I’m running the same dataset on IBM POWER8 based box that has 4 P100s connected to CPUs using NVLink and it runs just happily(at the moment on just one GPU). It seems that in IBM power.ai build LuaJIT has significantly more available memory than x86 64bit build (seen this with other projects as well).

As I’m doing most of of the development work on my Ubuntu workstation, it would be nice to have some guidance/ideas how to overcome/work with these LuaJIT memory limitations. I have tried to use lua instead of LuaJIT and it exhibited some quite wierd phenomena using this data set on Seq2seq (not tried with OpenNMT yet)…after eating all 64 Gb RAM it reserved all SWAP and gave me out-of-memory again. Any ideas?

I remember this error being quite common with long sequence length on seq2seq-attn.

Maybe this could be avoided (I will look into it) but for now the best and easiest workaround is to use Lua 5.2 to overcome the memory limit and reduce the maximum sequence length to reduce memory constraint.

Also make sure to use the latest version of OpenNMT.

Keep us updated!

Maybe we should switch to tds in the core data code as well? We are also pretty interested in really long inputs/outputs as well.

Apparently max_batch_size has direct impact on luajit memory footprint. With batch size of 6 this works happily on x86 as well. It seems to be quite much slower tough…

Interesting. Batch size should only impact tensor size which does not count towards luajit memory limit.

Hopefully I will manage to reproduce the error consistently and work on that.

As of now, what is the maximum length on the input side ?

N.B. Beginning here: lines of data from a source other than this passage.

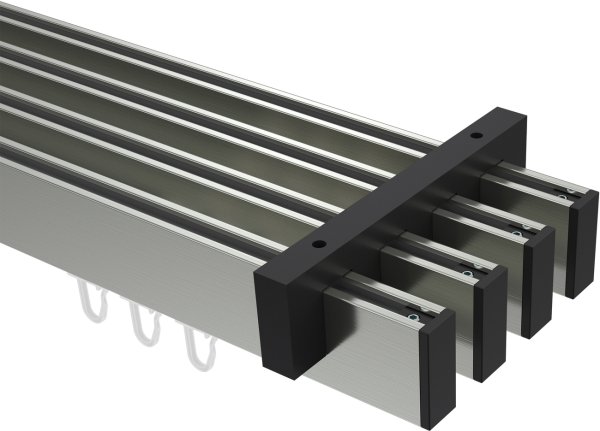 Innenlauf Gardinenstange Deckenmontage Aluminium / Metall eckig 14x35 mm 4-läufig SMARTLINE - Paxo Edelstahl-Optik / Schwarz 100 cm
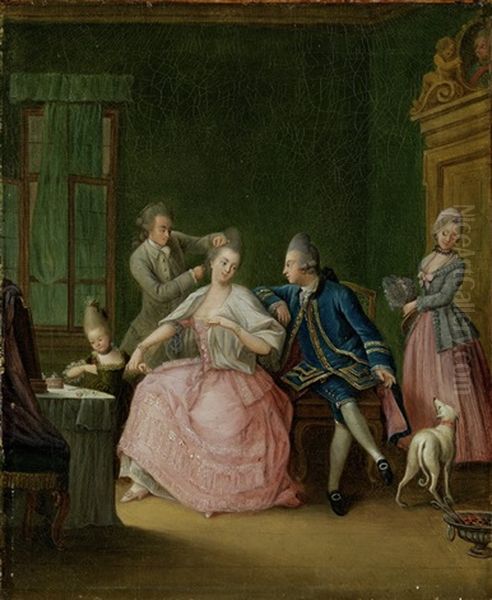 Bei Der Toilette Oder Familienbildnis Oil Painting by Pehr Hillestroem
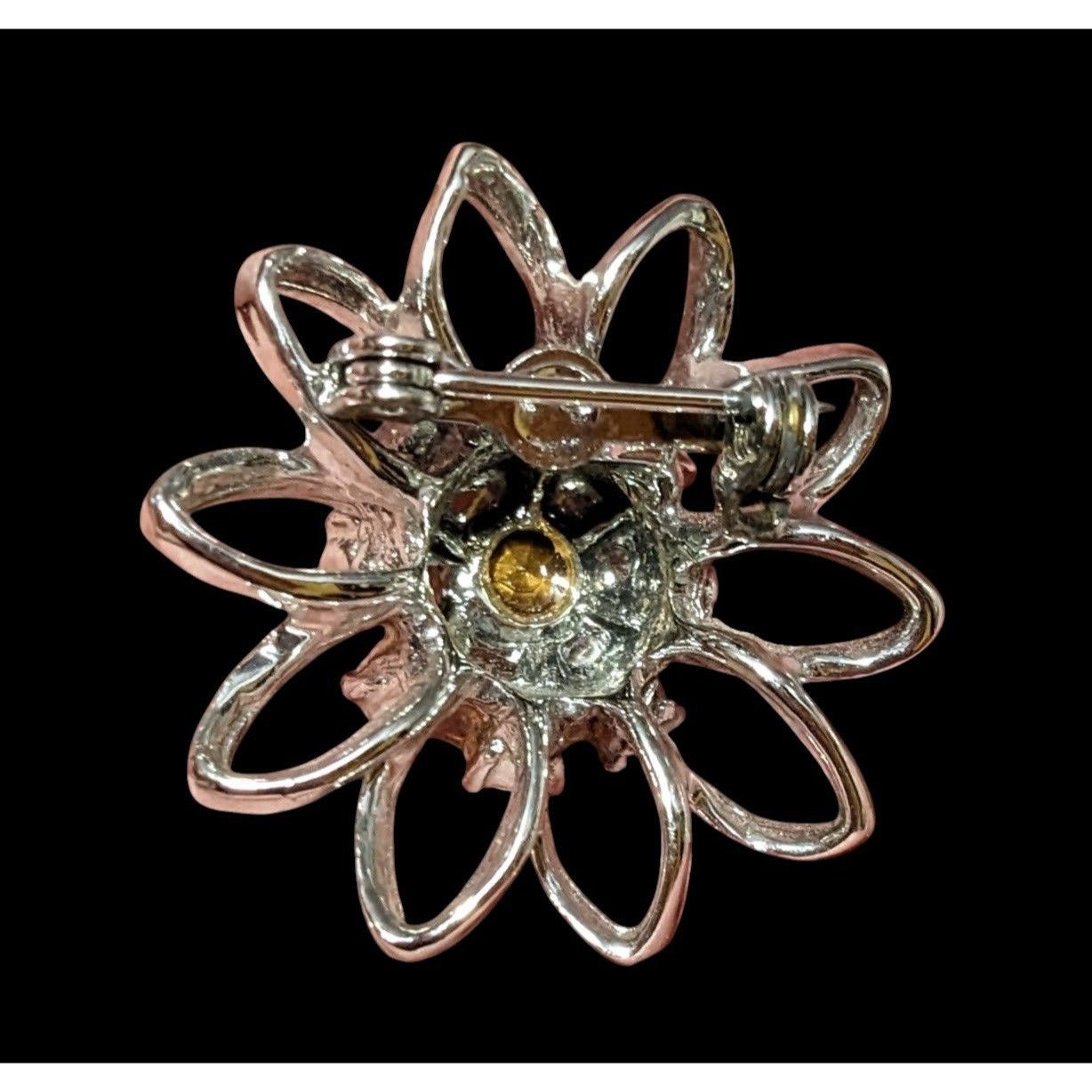 Other Vintage Blue And Silver Star Flower Rhinestone Brooch Size ONE SIZE - 3 Thumbnail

In summarization, if we don’t want to be in “1 sentence to 1 sentence” situation, we may need very long input segments (1 paragraph made of several sentences, period separated).

Is there any limitation fro this right now ?

There are no hard coded limits. With two caveats:

  1. You should probably use lua5.2 not luajit until we fix this issue.
  2. GPU memory currently scales linearly in batch size and input length. So you will have to tune down batch for longer examples.

The first is a fixable technical issue, the second is a research issue. We are waiting for the paper that solves it.

Some notes about this issue:

The fundamental issue is still the same: we need to clone the graph up to the maximum sequence length which is obviously very costly memory-wise. According to my tests, each clone introduces a fixed memory overhead that counts towards LuaJIT memory limit (I think this is mostly tables from the nngraph implementation). So for long sequences, using Lua 5.2 is advised.

This is to avoid the not enough memory crash but it does not hide the fact that long sequences consume a lot of memory even with our memory optimizations. On a 8GB GPU (which is an average size nowadays) we are able to train a large model (BRNN, 4 layers, 800 rnn dim., 64 batch size) with a sequence length of 100. It uses around 7GB (with THC_CACHING_ALLOCATOR=0).

For longer sequences, reducing the batch size as @srush suggests is a direct and efficient way to reduce the memory usage.